### Data shown ###

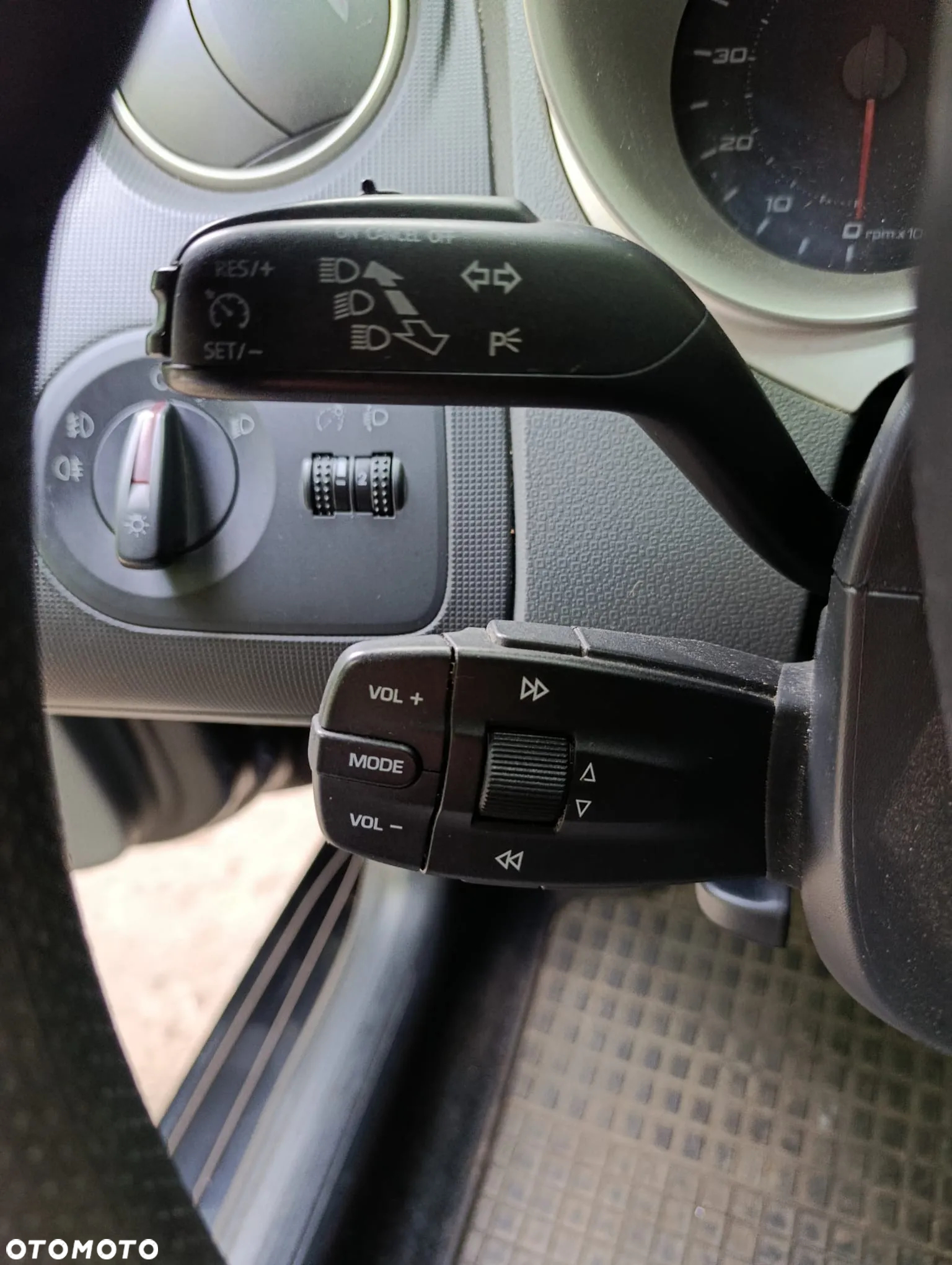 Seat Ibiza SC 1.4 16V Sport - 11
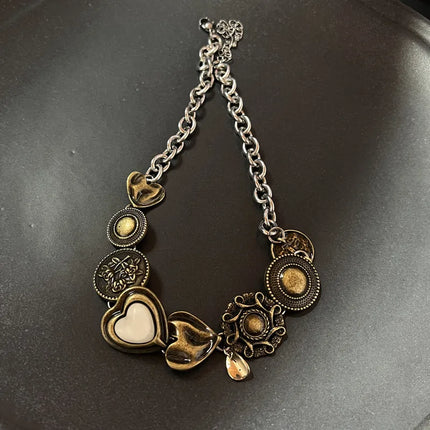 Vintage Leather Brown Stone Pendant Necklace Stacking Choker Temperament Clavicle Chain for Women Girl Autumn Winter Necklace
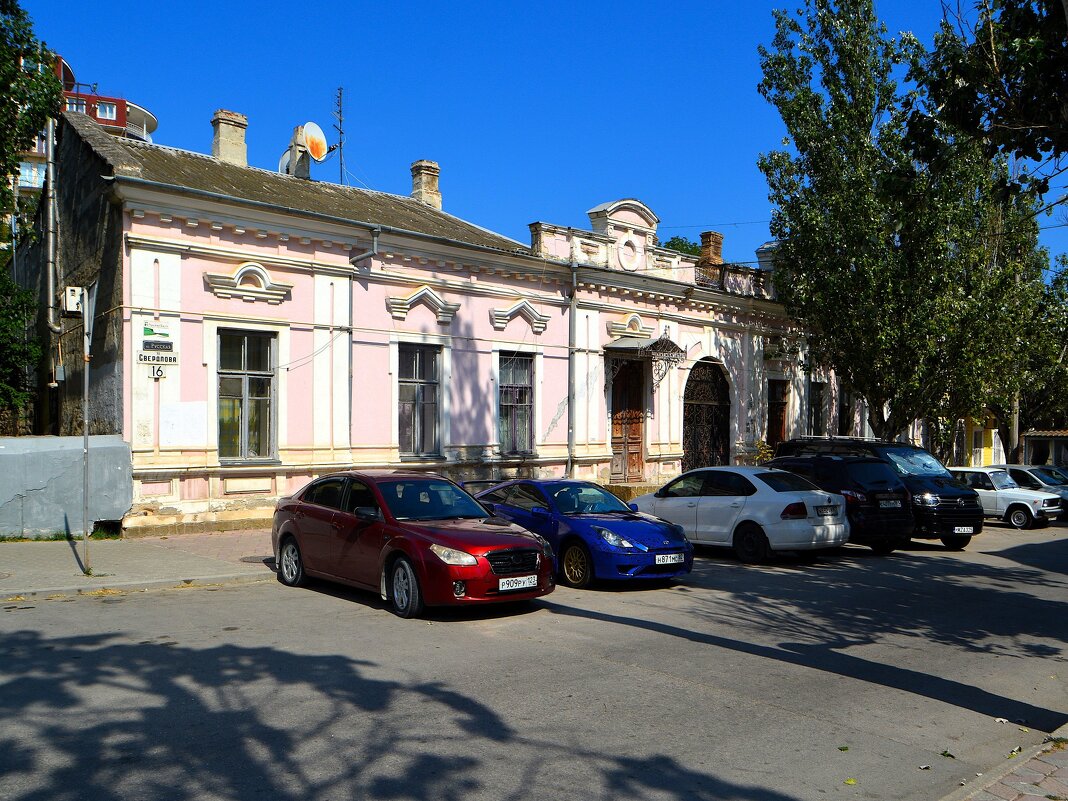 Евпатория. Дом по ул. Русской 16б. - Пётр Чернега Евпатория. Дом по ул. Русской 16б. - Пётр Чернега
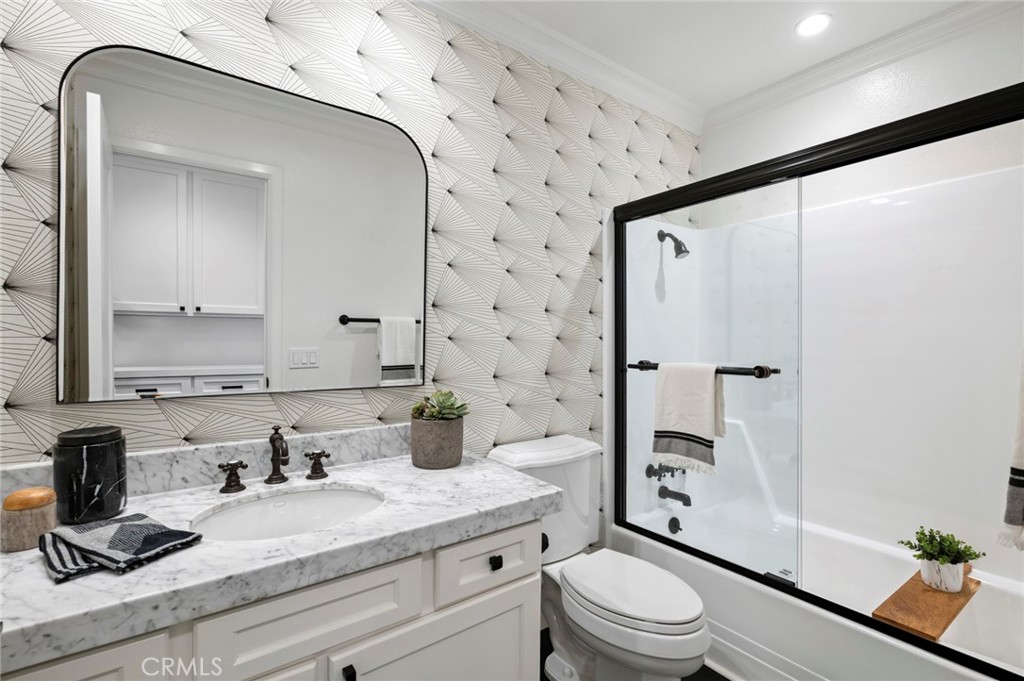 1845 1845 Port Westbourne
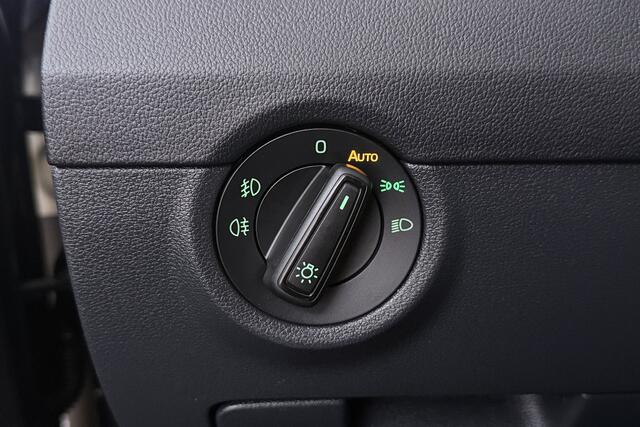 Skoda OCTAVIA Combi 1.5 TSI Greentech Business Edition (CRUISE CONTROL, STOELVERWARMING, NAVIGATIE CARPLAY, PARKEERSENSOREN)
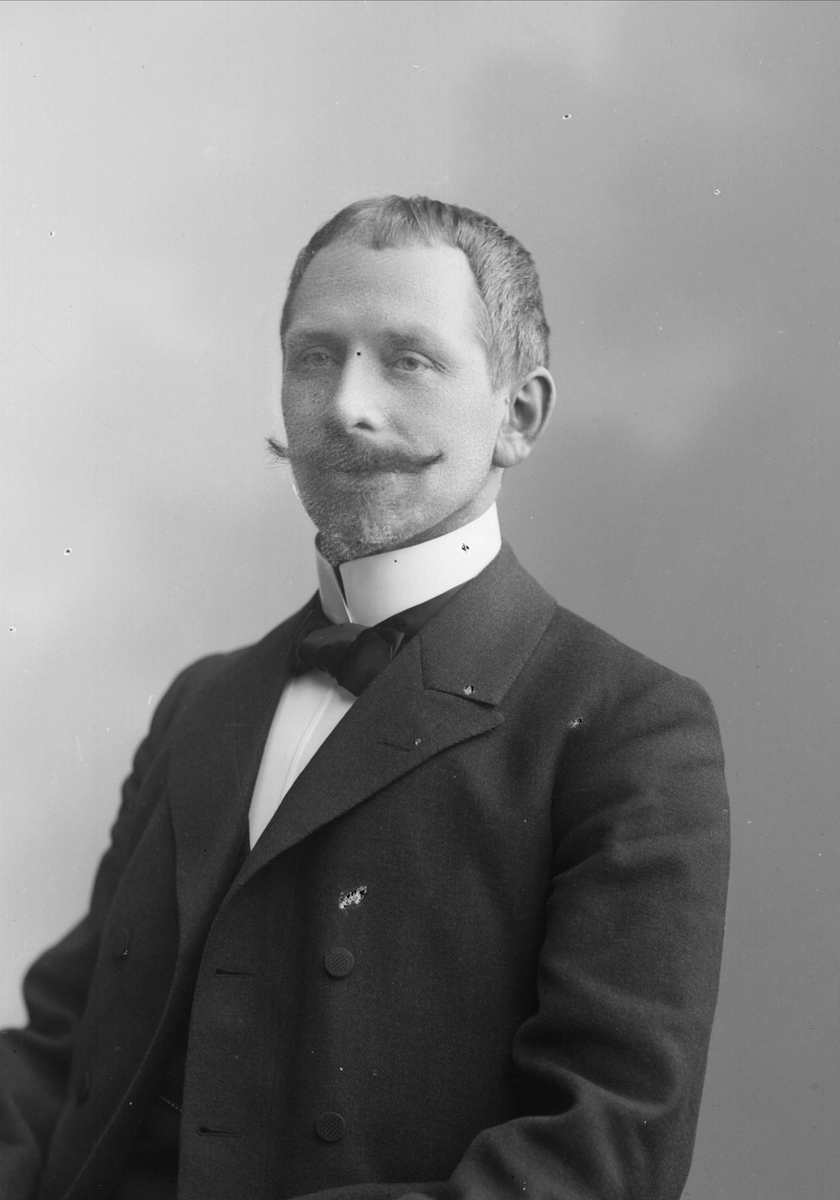Gustav Borgen, NFB.25268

###

Your objective ▸ Having located the line with "Vintage Leather Brown", transcribe exactly and only the lines from it to the final line of the material, skipping the pictures.

Response below ▸
 Vintage Leather Brown Stone Pendant Necklace Stacking Choker Temperament Clavicle Chain for Women Girl Autumn Winter Necklace
 Евпатория. Дом по ул. Русской 16б. - Пётр Чернега Евпатория. Дом по ул. Русской 16б. - Пётр Чернега
 1845 1845 Port Westbourne
 Skoda OCTAVIA Combi 1.5 TSI Greentech Business Edition (CRUISE CONTROL, STOELVERWARMING, NAVIGATIE CARPLAY, PARKEERSENSOREN)
Gustav Borgen, NFB.25268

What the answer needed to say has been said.